Packy could just as easily have waited a few more years to start sharing his thoughts once he “knew more” or was considered an “expert.” Instead, he’s been publishing for almost 3 years and now he’s crushing it—growing by almost 1,000 subscribers per week.
So many people are hesitant to start creating content and putting themselves out there online. Why?
You, right where you are right now, probably know enough to be useful to some audience.
You probably have some ideas worth sharing.
Bias Toward Starting. Bias Toward Publishing. Bias Toward Action.
4) Authenticity, Relatability, Likability
As content creation becomes increasingly individualized and fragmented, we get more and more of our news and entertainment from people, and people’s lives are complicated.
Packy has had a babbling newborn in the background of a few of his narrations. He shares personal connections to the businesses, entrepreneurs, and products he discusses whenever possible.
In this newer media consumption environment, we trust and develop affinity for the creators who show up as themselves.
Packy comes across as a regular guy who has valuable insights into startups and technology.
CNBC anchors come across as starchy, corporate, and questionably motivated.
The same is happening in regular news media as well.
Mike “Communism is for Incels” Solana’s news coverage is authentic and believable.
MSM channels like Fox and CNN come across as folks in studios that are instructed to support their company agenda’s and increase watch time with sensationalism.
I believe we will continue to see the rise of trusted individual creators and a decrease in faith in massive institutions. I think mid-sized companies small enough to retain a clear voice and personality like Bitcoin Magazine or Morning Brew will continue to thrive as well.
In 2021, there are just too many choices for stiff, questionably ethical, corporate media companies to continue to thrive. Everyone can hack together their own information diet from sources that are likable, authentic, and relatable.

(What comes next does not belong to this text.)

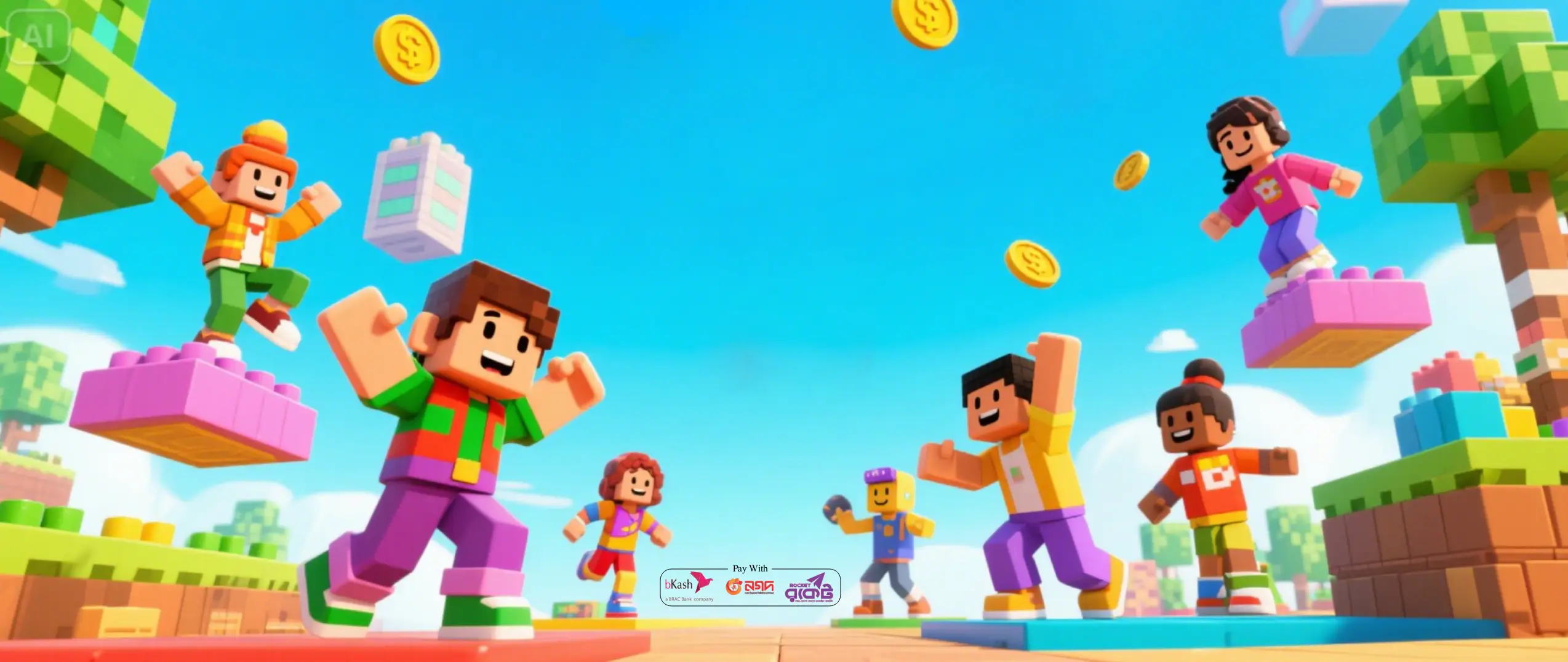 Buy Roblox Gift Card in Bangladesh – Instant Delivery & Best Prices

Because of his authenticity, I’ve chosen to add Packy into my consumption calendar.
5) Meta-Lesson: Switch The Medium
I’ve heard good things about Packy for months, but since I rarely commit to super long articles, I never explored his work.

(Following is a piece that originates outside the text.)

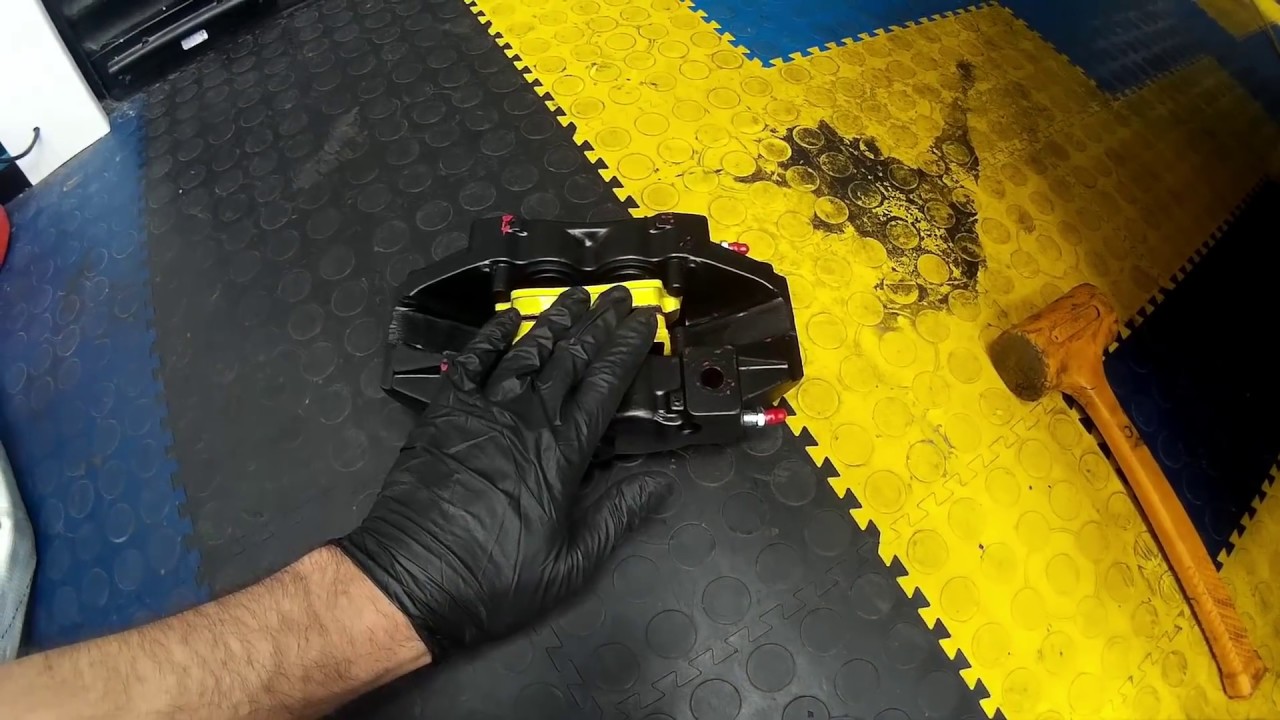 BMW E39 M5 DIY How To Guide Home Made Rear Big Brake Kit YouTube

Once I found out his stuff was packaged in audio, I made it through hours of content because I have a lot of passive audio consumption time in my life (driving, exercising).

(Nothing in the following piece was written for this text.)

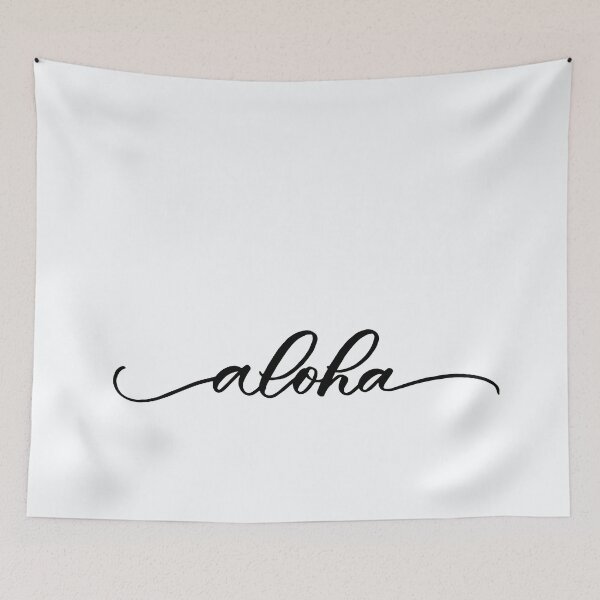 Item preview, Handwritten Aloha, simple and clear designed and sold by Handwritten Aloha.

Sometimes the key to getting yourself to consume something is changing it to a format that better suits your life.
Almost every idea and subject matters is available in every media format.
Video, Audio, Short Form, Bite Sized, Long Form, Print, eBook etc.
Start sending articles from the internet to your kindle. Print out textbook chapters if you really want to read deeply. Find a video course if your textbook is too boring. Don’t assume there isn’t a better way!
One of our past podcast guests, Guy Swann, has made a name for himself in crypto just by being a fantastic voice actor. His podcast, Bitcoin Audible, is just him narrating the best articles in bitcoin, so you don’t have to read them for yourself. Same content, different medium.
If you are stuck, try changing the format.
As they say, “the medium is the message.” (McLuhan)
Thank You For Reading!
I’m planning on taking next week off. I’m taking a long drive/vacation/moving this Thursday - Sunday, and I don’t want to add the newsletter into the mix.
Until next time,
(1) Book Recommendation: Amusing Ourselves To Death By Neil Postman
I read this in 2017, but the McLuhan quote reminded me of it. This book (written in 1984) is unbelievably prophetic about the decline in substantive thought in America caused by our collective obsession with entertainment.
(2) Educational Resource: Crypto Zombies Solidity Smart Contract Tutorials
Solidity programming (Ethereum’s coding language) seems to be in very high demand. I’ve heard from multiple people that this is one of the best courses. I’ve also done about 15% of it and found the content to be really good.
(3) Get In Packy’s World
Photo Of The Week — I’m Running My Own Node!
This jumble of hardware will soon become part of the Bitcoin network after it synchronizes the history of the blockchain.
I’m using the Umbrel software to guide my project if you are curious for parts lists and any other relevant details!